The announcement from City Hall on Tuesday deviated from a month of more deliberate moves, where city leaders attempted to balance the needs of the area’s homeless population against complaints from business owners around downtown.
The tip-toeing yielded anger from both sides, peaking when city officials slashed several tents used by homeless people Jan. 19.
Still, Baker sought to deflect praise for the potential solution, saying it bolsters an effort already underway to end homelessness in the county.
The comprehensive strategy won praise from one critic of the city’s previous inaction and continued skepticism from another.
“Today you can see your civic leaders standing before you united,” said City Council member Jamie Bennett, who last week criticized Baker for not offering a solution. On Tuesday, Bennett stood next to him during the news conference.
“We can do this,” Bennett said. “We just have to have the moral gumption to carry it through.”
Outside City Hall, an advocate for the homeless said he was puzzled that no one who is homeless had a say in Baker’s plan.
“Homeless people are more than happy to sit down and share their experiences,” Eric Rubin said. “Aren’t they the best ones to know what will work?”
Meanwhile, the city faces the threat of litigation for the police raid that resulted in the slashings of tents being used for shelter.
Darryl Rouson, the former president of the St. Petersburg NAACP, is representing the Rev.

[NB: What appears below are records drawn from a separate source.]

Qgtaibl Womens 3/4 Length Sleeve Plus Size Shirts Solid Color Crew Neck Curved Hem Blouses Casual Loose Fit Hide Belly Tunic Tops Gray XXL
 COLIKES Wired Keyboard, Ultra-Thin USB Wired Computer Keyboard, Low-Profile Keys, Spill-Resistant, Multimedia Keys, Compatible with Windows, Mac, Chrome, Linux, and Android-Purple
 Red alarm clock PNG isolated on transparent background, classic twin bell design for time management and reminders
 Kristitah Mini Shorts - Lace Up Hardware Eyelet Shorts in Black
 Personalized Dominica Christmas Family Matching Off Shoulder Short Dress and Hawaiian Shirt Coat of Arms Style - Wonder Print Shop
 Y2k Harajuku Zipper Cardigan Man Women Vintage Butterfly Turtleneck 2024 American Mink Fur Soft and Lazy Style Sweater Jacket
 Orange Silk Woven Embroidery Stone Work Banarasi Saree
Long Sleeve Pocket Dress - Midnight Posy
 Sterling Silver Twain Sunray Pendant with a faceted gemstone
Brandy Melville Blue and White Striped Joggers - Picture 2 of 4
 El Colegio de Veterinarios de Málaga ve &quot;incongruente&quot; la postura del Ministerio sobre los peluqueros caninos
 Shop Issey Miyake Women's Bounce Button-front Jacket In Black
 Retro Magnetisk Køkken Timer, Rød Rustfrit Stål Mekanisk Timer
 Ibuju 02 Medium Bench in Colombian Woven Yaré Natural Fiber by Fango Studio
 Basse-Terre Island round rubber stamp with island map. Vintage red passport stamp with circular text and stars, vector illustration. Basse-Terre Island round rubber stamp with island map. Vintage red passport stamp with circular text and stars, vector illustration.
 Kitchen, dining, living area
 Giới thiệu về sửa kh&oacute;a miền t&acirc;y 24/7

Bruce Wright and his Refuge Ministries, as well as several homeless people who had their belongings destroyed and their tents damaged in the police raids.
On the same day that he attended Baker’s news conference, Rouson formally notified the city that it could face a lawsuit for civil rights violations that include destroying personal property without due process.
In an interview, Rouson said he was negotiating with the city.
“At this point we are in earnest discussion that may forestall any litigation,” Rouson said.
While Rouson attended the news conference, he gave it a mixed review.
“I wished that a homeless person had been invited to the conference, but it wasn’t my affair,” Rouson said. “We are responding today to an ugly event, but having said that I believe the mayor has great remorse for what happened and will be more determined and passionate toward a long-term solution.”